MATERIAL PROVIDED:
━━━━━━━━━━
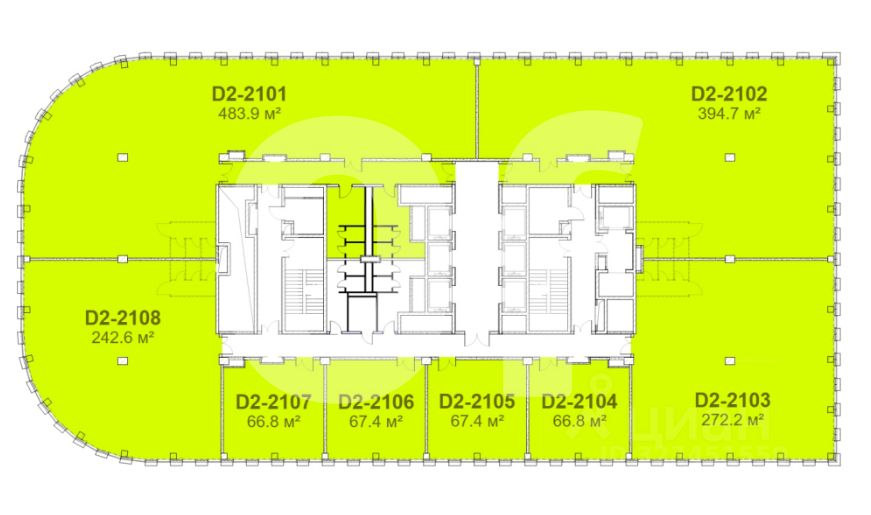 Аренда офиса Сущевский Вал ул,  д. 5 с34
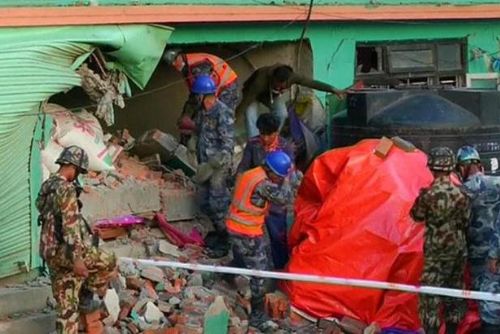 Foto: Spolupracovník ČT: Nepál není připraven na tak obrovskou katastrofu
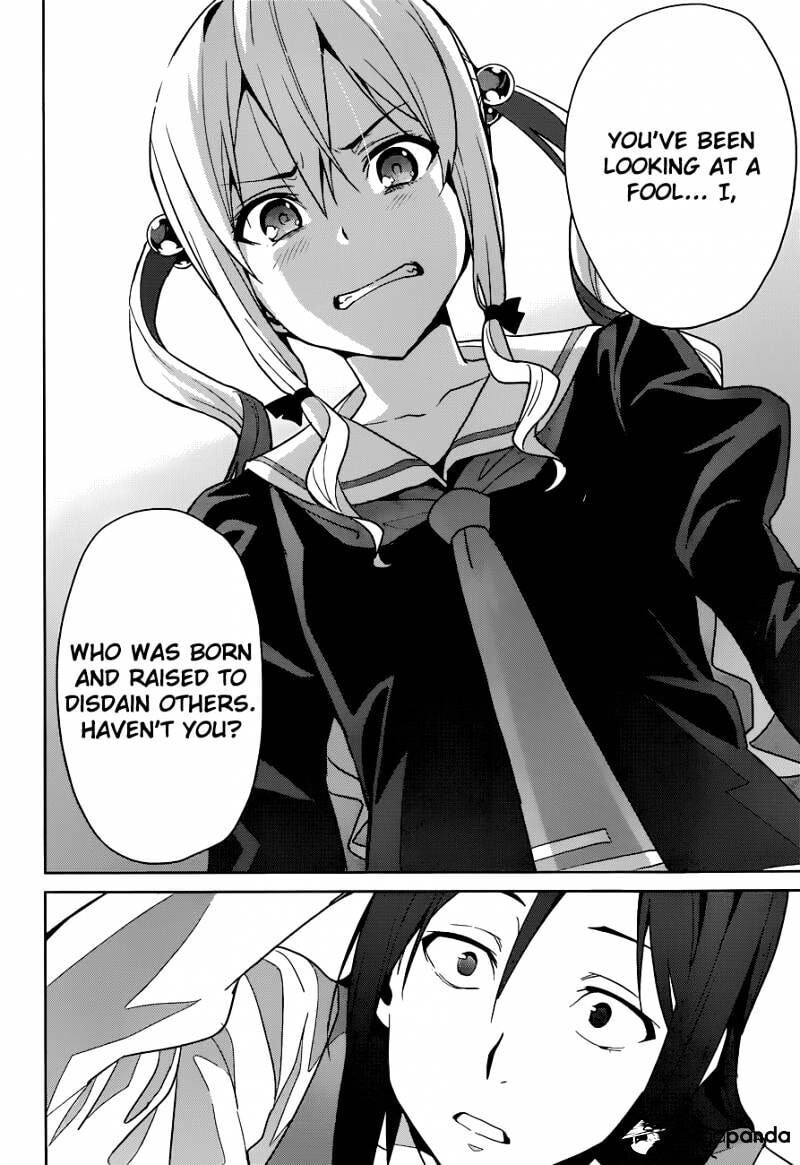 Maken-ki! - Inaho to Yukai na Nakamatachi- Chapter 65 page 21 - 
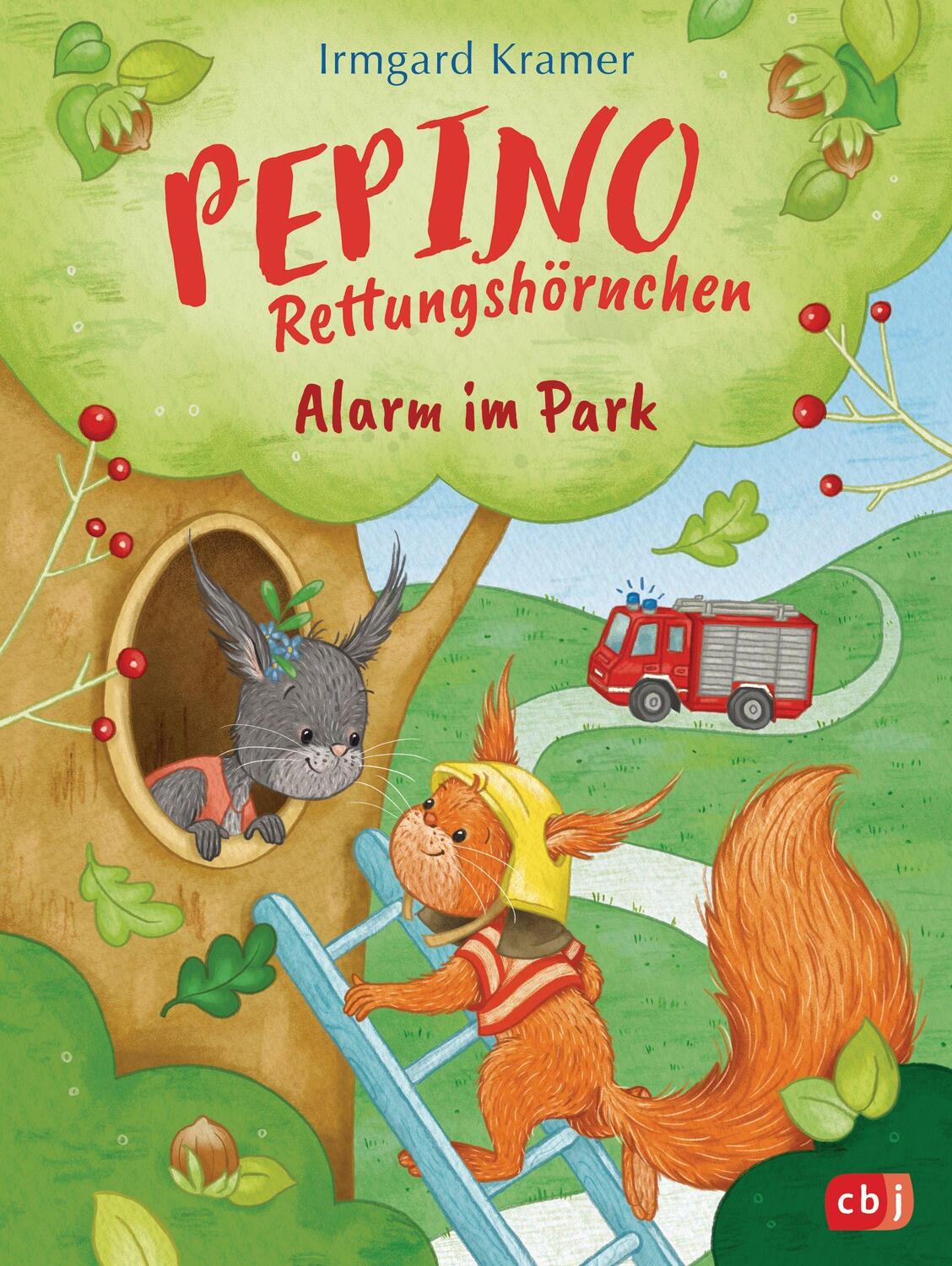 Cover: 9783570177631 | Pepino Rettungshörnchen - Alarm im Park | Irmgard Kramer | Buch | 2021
━━━━━━━━━━
WHAT YOU NEED TO DO:
Could you give the listing again exactly, minus its pictures?

EXERCISE SOLUTION:
 Аренда офиса Сущевский Вал ул,  д. 5 с34
 Foto: Spolupracovník ČT: Nepál není připraven na tak obrovskou katastrofu
 Maken-ki! - Inaho to Yukai na Nakamatachi- Chapter 65 page 21 - 
 Cover: 9783570177631 | Pepino Rettungshörnchen - Alarm im Park | Irmgard Kramer | Buch | 2021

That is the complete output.